Here is a non-exhaustive list of movements currently proposing these kinds of changes in the world today. Please give them your consideration and support, and let’s try to move ourselves onto Level 2.

The Free World Charter
The Zeitgeist Movement
The Venus Project
Ubuntu Planet
Money-Free Party
Freeworlder
One Community
Free World One
New Earth Nation
The Auravana Project
Common Heritage Movement
LifeGames
Mocica
Futurist Playground

  1. A small, portable store of value was certainly more practical for making long journeys than hauling livestock and supplies around with you.
  2. Presumably the reverse would also be true: if you weren’t a productive member of that community, the same implicit form of accounting would eventually catch up with you.

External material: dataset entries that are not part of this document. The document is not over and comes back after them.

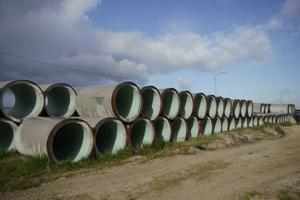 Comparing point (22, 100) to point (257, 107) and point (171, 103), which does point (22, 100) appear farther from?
point (257, 107)

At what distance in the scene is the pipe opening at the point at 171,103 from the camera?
17.1 metres

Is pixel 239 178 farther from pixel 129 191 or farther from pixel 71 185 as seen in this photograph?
pixel 71 185

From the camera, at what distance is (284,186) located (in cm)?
827

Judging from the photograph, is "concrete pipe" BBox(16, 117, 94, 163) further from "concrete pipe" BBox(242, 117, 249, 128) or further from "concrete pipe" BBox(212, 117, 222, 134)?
"concrete pipe" BBox(242, 117, 249, 128)

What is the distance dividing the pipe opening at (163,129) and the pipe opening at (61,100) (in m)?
4.45

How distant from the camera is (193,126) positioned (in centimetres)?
1973

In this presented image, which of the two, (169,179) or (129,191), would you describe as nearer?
(129,191)

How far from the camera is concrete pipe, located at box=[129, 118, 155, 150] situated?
14.5 meters

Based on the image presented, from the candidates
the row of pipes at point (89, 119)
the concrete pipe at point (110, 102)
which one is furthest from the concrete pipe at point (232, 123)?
the concrete pipe at point (110, 102)

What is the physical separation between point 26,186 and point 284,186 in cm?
684

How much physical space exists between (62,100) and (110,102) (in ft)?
15.3

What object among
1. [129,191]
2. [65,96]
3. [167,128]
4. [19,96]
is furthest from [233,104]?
[129,191]

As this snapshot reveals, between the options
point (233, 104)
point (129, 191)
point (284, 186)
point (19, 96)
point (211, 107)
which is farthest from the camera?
point (233, 104)

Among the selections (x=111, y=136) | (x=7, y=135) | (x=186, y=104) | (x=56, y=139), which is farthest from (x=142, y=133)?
(x=7, y=135)
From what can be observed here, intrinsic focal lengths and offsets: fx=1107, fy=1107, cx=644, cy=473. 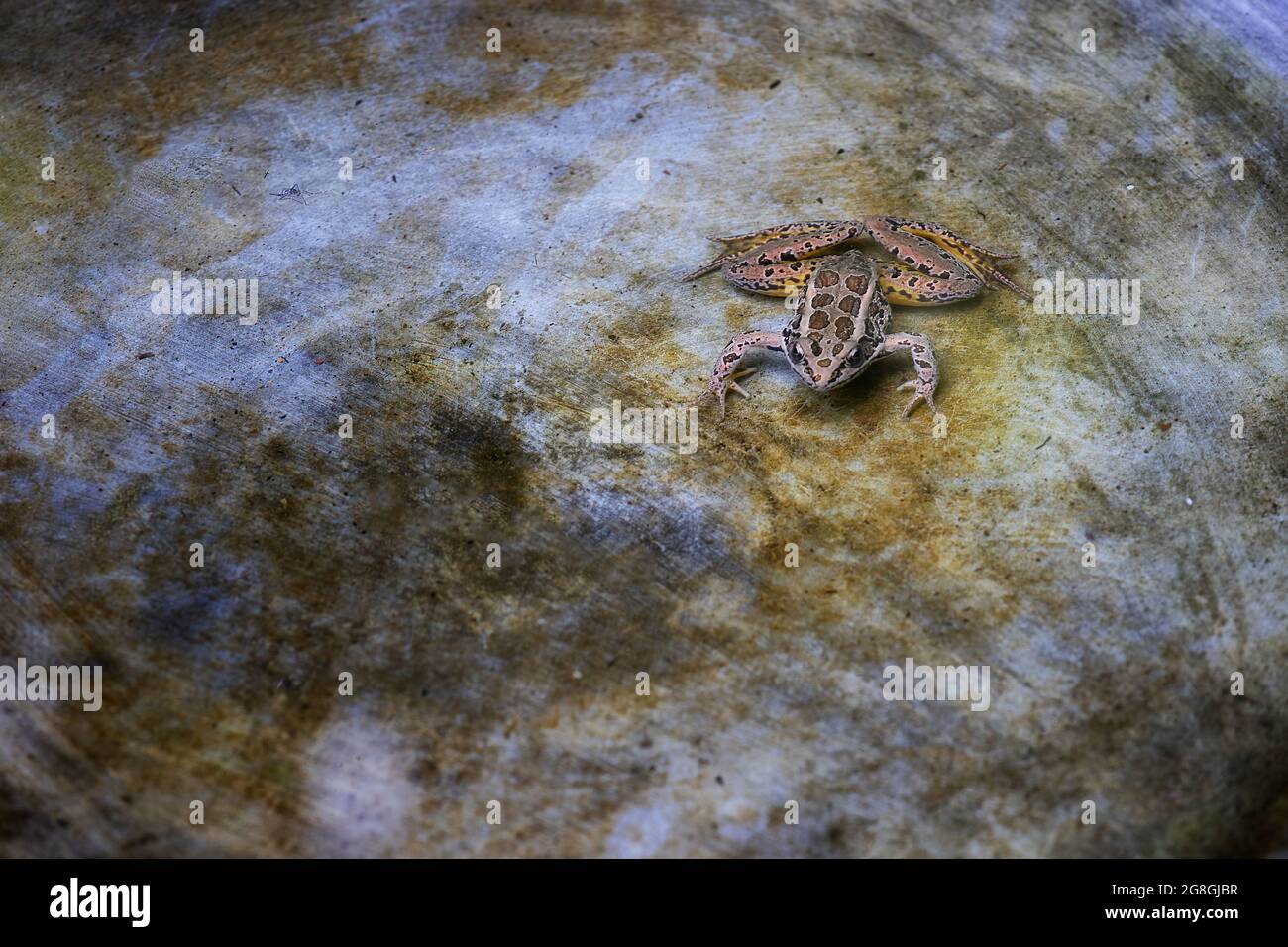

  3. Adherence to fossil fuels, reckless resource extraction and poor production methods for short-term interest, etc.
  4. Jeremy Rifkin’s The Zero Marginal Cost Society makes a compelling case for production prices moving towards zero.
  5. And of course, as with any other species, we only revert to violence when threatened.
  6. The International Red Cross apparently has over 100 million volunteers worldwide. That’s 1.3% of the world population in just one organisation, often working in dangerous jobs, in a society that explicitly disincentivises volunteering.
  7. I always hasten to add that the ‘malingerer’ argument would be at least no different from the same argument one could apply today, and likely be far less a problem in a society that didn’t systematically marginalise people.